Source for a C# compiler written in pure C#.

For anybody looking for the full source to a bootstrapping C# compiler, today’s your lucky day.

 

A while ago (back in 2001 before we shipped v1.0), I wrote a C# compiler called “Blue”. I know it’s 3.5 years after I wrote it, but I figured releasing it now was better late then never. Some fast facts:

- It’s written 100% in C#.

- It uses Reflection to import all references and Reflection.Emit to emit the IL.

- Everything (particularly the parser and lexer) were written by hand.

- It has the standard compiler pipeline as described in the dragon book.

- It produces verifiable IL (you can run PEVerify on the output and it passes).

 

Here’s the source: https://mikewinisp.members.winisp.net/blog/blue/blue.zip

There’s a ReadMe.html in there with more information. Unzip it do a directory , and then in a v1.0 or v1.1 command shell, run build_all.bat.

 

 

It’s a giant reflection-emit test.

Blue demonstrates a whole bunch of different parts of Reflection.Emit such as:

- Baking types.

- Creating nested types.

- Creating delegates - you’ll notice there’s no DelegateBuilder.

- Creating Enums – I recall having to dance around some issues with EnumBuilder.

- Emitting debugging information for all the code constructs (sequence points, local names, parameter names, etc) - I gave a brief example of how Ref.Emit can generate debuggable code, here. Blue is an extreme example here because it includes most C# language features and generates fully debuggable + verifiable code.

 

What’s missing?

I view Blue primarily as a sample of Reflection.Emit, and not actually as a viable production compiler. Although it’s complete enough to compile itself, it’s missing a bunch of features like:

- Custom attributes

- unsafe code

- checked/unchecked, locked keyword, using keyword

- floating point, decimal types.

- Multi dimensional arrays. (note that it can handle jagged arrays)

- Some operator overloading. (Allows binary operators like + to

- I didn’t quite get function overload resolution entirely correct. I didn’t follow the spec close enough.

be overloaded, doesn't yet handle overloaded type casts, unary ops, or ++/--.)

- Error handling: It still may assert when compiling an illegal program. (I would use csc.exe to verify inputs before sending them through blue)

I notice it also doesn’t work on whidbey because it gets confused when importing generics from mscorlib.
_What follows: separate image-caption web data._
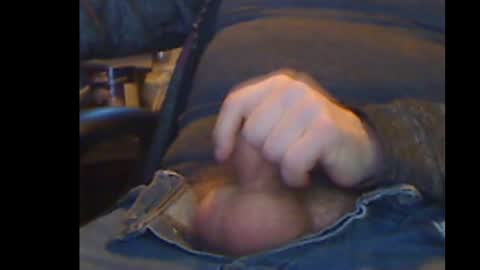 Snapshot of gruhahn chatting on 28, 10, 2025 DankMess online show from 28, 10, 2025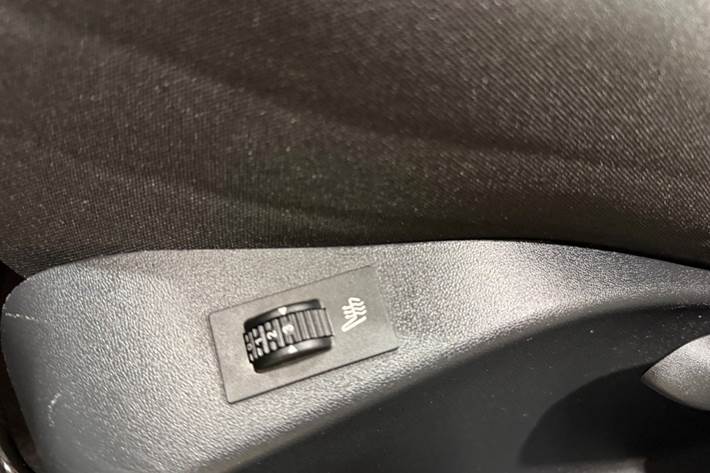 Hvid Peugeot 2008 fra 2014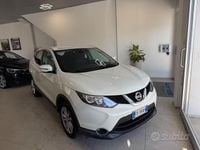 Usata Nissan Qashqai Acenta 116 CV (85 kW) 2017 Bianco SUV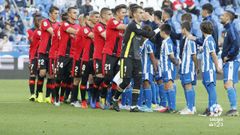 Deportivo y Mallorca se saludan antes de comenzar el encuentro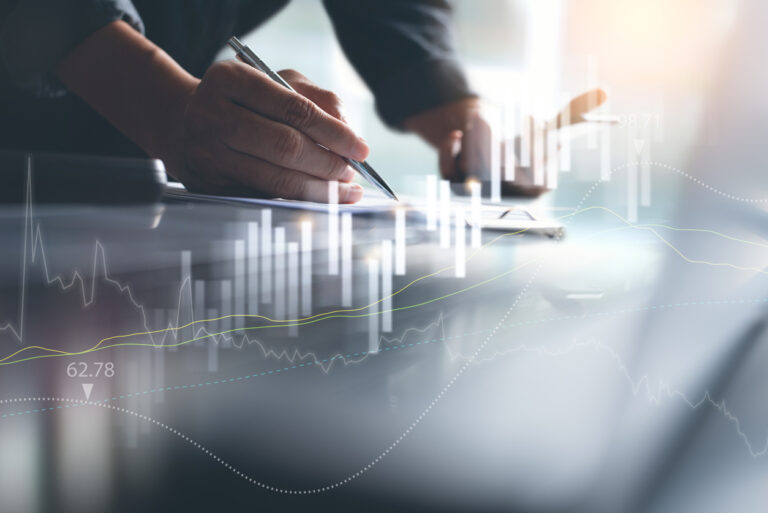 Analista registra números em documentos enquanto gráficos e indicadores financeiros aparecem em sobreposição, ilustrando custos diretos e indiretos, planejamento e controle de despesas.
There also may be some issues with v2.0 Ref.Emit that we’re still looking at. So you need to do this demo with V1.1. I may explore trying to update the sample to at least run on v2.0.

 

But at least it dogfoods itself…

Despite the limitations, it’s still complete enough to compile itself (eg, “dogfood”, “bootstrap”). One confession: when I was trying to have it dogfood itself, there were a few places were features that I had naturally used when writing blue weren’t yet supported in blue. In order to get it dogfood, I made local changes to avoid these features. I marked these with “@dogfood” in the code.

 

The blue download includes a batch file, build_all.bat, which will first build blue.exe from csc, and then use blue to compile itself to produce dogfood.exe:

@echo ***** Building the Blue compiler

@rem Build the compiler first using C#. This will produce a main.exe

csc /out:blue.exe @blue_source_core

@echo ***** C# compiled the blue sources to produce Blue.exe

@echo *** Show that the newly compiled blue.exe (which came from csc.exe) is Verifiable IL

peverify blue.exe

@rem Now have the compiler build itself and produce a Dogfood.exe

blue.exe /out:Dogfood.exe @blue_source_core

@echo ***** Blue.exe compiled itself to produce Dogfood.exe

@echo *** Show that blue.exe produced verifiable code

peverify dogfood.exe

 

You’ll notice the peverify stages pass.

 

You can verify that blue.exe actually compiles itself correctly by cycling the compilation 1 more step:

dogfood.exe /out:Dogfood2.exe @blue_source_core

 

Now Dogfood and dogfood2 were produced by the same algorithm (Blue) which was just compiled 2 different ways. So we expect them to be the same output. We can ildasm both dogfood.exe and dogfood2.exe and verify that (the only difference is assembly name and mvid).

 

Now what?

This is just sample code I’m throwing out there. It was just a pet project of mine a few years ago, so it’s not a supported product. And I’m not very proud of the code quality either (it was one of the first things I wrote in C#). And it’s definitely not a production quality tool either. All that aside, feel free to play around with it or try out various ideas. For example, you could:

- Play around with codegen. Perhaps go transform all the calls to be late bound and then compare perf.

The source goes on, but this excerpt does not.